“Credit Crunch” is an expression often used in the context of the currently ongoing economic crisis. A credit crunch according to Wikipedia is a reduction in the general availability of loans (or credit) or a sudden tightening of the conditions required to obtain a loan from the banks. The basic factor that lead to the actual credit crunch is the housing market bubble. So, how did we get in the current situation?
U.S. economic policy
Since 70’s, the U.S. economy has been a consumer based economy. That means that the economic growth is based on consumer spending. The main pillar of consumer spending is credit. Therefore, in order to sustain an economic growth, you have to have a policy that eases credit. The policy that the U.S. used in the last decades for stimulating credit was repeatedly lowering the interest rate. The idea was that almost anyone with an average annual income to afford to get a credit for personal spending or to buy a house.
The housing bubble
Lowering interest rates allowed banks to borrow more money and as a result, offer more credits to the usual person to buy houses. As an immediate effect, the demand for houses was increasing and the supply couldn’t keep the pace. As a result, the house prices were rising and more and more investors were borrowing money from banks to build new homes and sell them in order to make profit. Everybody was buying a house or investing in the housing market with money borrowed from banks and little by little, day by day, the bubble was created.
The house prices and new homes supply became so big that the ordinary people cannot afford it anymore and the bubble was broken.

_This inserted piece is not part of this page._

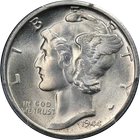 1944-S Mercury Dime PCGS MS64 Great Eye Appeal Nice Strike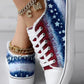 Independence Day Flag Print Raw Hem Canvas Sneakers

Almost everyone borrowed money from the bank to buy or build a house so, they had to pay the money back. The market surplus made the home prices to drop and people couldn’t pay back the whole credit. Banks got with a lot of undervalued homes related to the initial loan. They had to give the money back to the investors and the central bank. Because the home prices dropped, they had to give money from their wallets in order to pay back the loans. The liquidity in the market dropped and the credit crunch begun. The banks who made up to pay their loans and survived, now are borrowing money at a greater cost and with tight policies. As a result, the market got frozen and the financial crisis was born, a situation which we are living in today.